Problem statement: Return a copy of every line in the records that includes the word "Women".

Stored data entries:
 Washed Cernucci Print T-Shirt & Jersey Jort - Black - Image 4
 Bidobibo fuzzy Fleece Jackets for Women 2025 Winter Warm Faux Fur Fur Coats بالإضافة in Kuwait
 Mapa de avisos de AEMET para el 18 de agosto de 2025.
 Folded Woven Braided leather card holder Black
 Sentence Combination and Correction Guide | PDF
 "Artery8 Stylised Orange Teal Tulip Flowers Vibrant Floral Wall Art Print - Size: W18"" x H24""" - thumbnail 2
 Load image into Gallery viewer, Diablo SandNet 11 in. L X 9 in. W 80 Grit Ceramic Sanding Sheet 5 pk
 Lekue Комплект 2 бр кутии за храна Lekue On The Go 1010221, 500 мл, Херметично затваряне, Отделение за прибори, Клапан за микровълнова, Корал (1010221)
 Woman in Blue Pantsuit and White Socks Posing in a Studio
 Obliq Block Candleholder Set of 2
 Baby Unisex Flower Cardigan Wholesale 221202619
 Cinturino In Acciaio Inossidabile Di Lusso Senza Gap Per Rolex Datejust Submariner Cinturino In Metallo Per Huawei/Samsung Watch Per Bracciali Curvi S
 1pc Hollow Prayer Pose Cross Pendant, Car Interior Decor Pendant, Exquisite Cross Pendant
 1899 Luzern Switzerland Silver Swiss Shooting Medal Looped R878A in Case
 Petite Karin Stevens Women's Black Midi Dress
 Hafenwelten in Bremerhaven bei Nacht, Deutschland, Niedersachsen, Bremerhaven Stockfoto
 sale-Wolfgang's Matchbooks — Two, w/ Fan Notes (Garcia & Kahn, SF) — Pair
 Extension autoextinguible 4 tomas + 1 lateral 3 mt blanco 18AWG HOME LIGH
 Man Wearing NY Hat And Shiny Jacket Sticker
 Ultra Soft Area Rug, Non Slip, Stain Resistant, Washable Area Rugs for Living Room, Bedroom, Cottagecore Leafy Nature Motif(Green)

Your solution:
 Bidobibo fuzzy Fleece Jackets for Women 2025 Winter Warm Faux Fur Fur Coats بالإضافة in Kuwait
 Petite Karin Stevens Women's Black Midi Dress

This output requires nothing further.